▶ Data shown

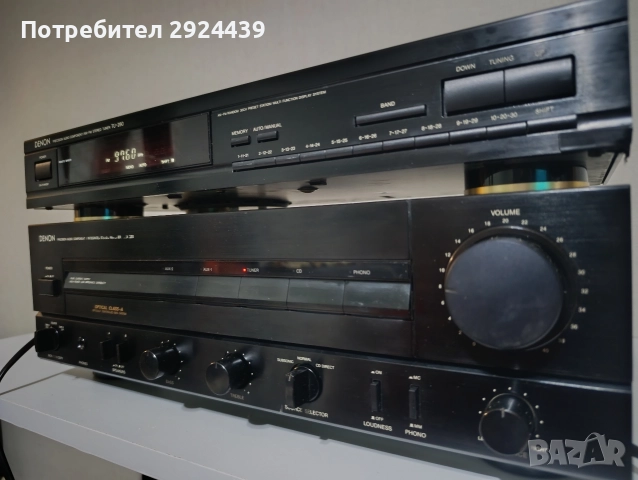 DENON PMA 520 DENON TU 280, снимка 4 - Ресийвъри, усилватели, смесителни пултове - 52618727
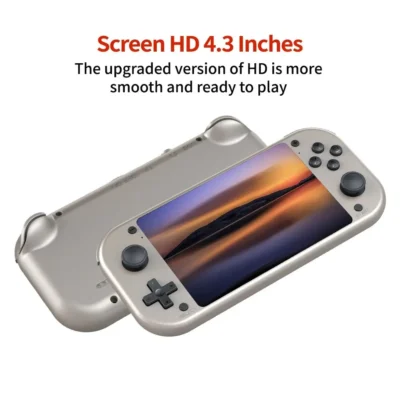 BOYHOM M17 Retro Handheld Video Game Console Open Source Linux System 4.3 Inch IPS Screen Portable Pocket Video Player for PSP 5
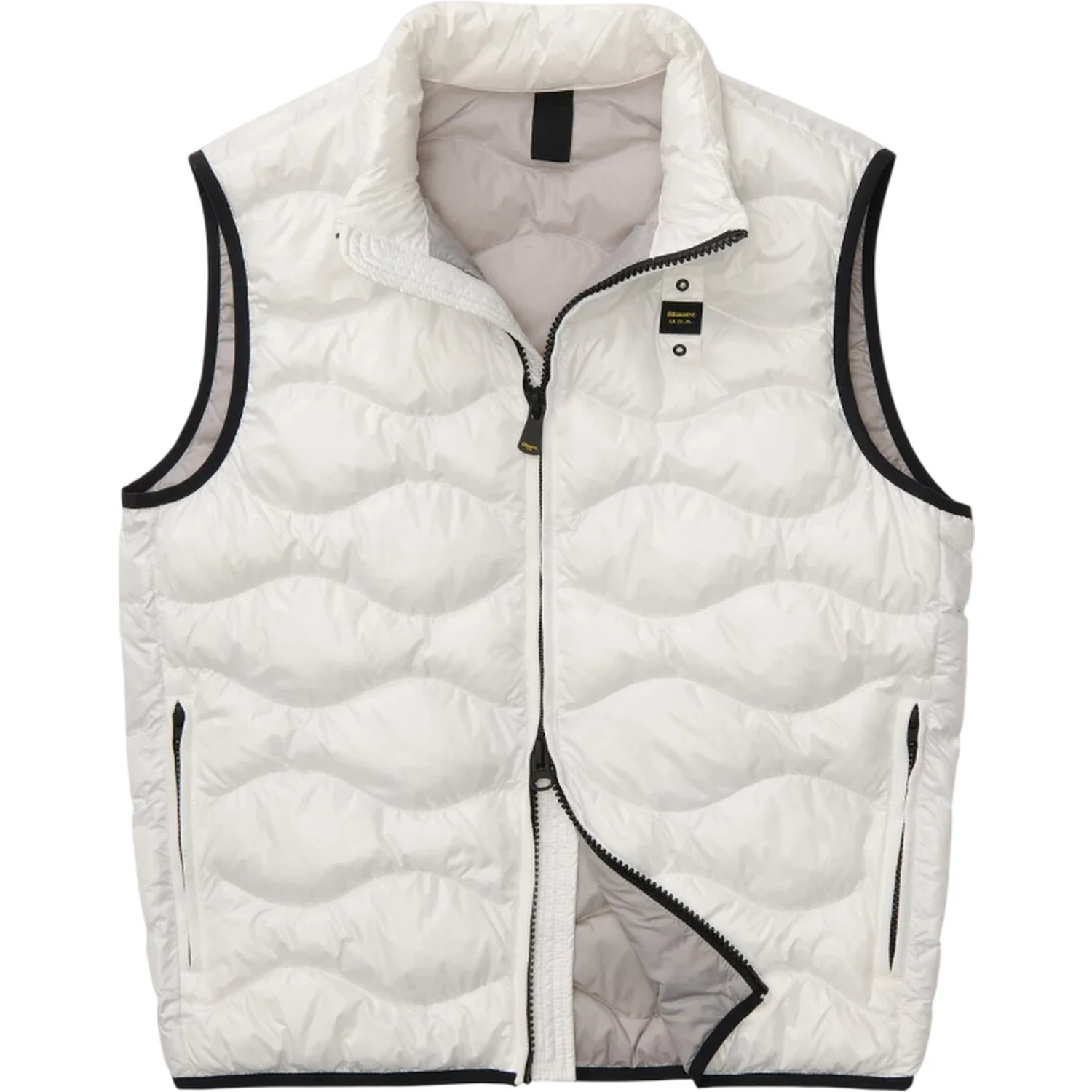 Blauer Coats White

▶ Work to complete
Copy out the data verbatim, excluding the pictures.

▶ Task result
 DENON PMA 520 DENON TU 280, снимка 4 - Ресийвъри, усилватели, смесителни пултове - 52618727
 BOYHOM M17 Retro Handheld Video Game Console Open Source Linux System 4.3 Inch IPS Screen Portable Pocket Video Player for PSP 5
 Blauer Coats White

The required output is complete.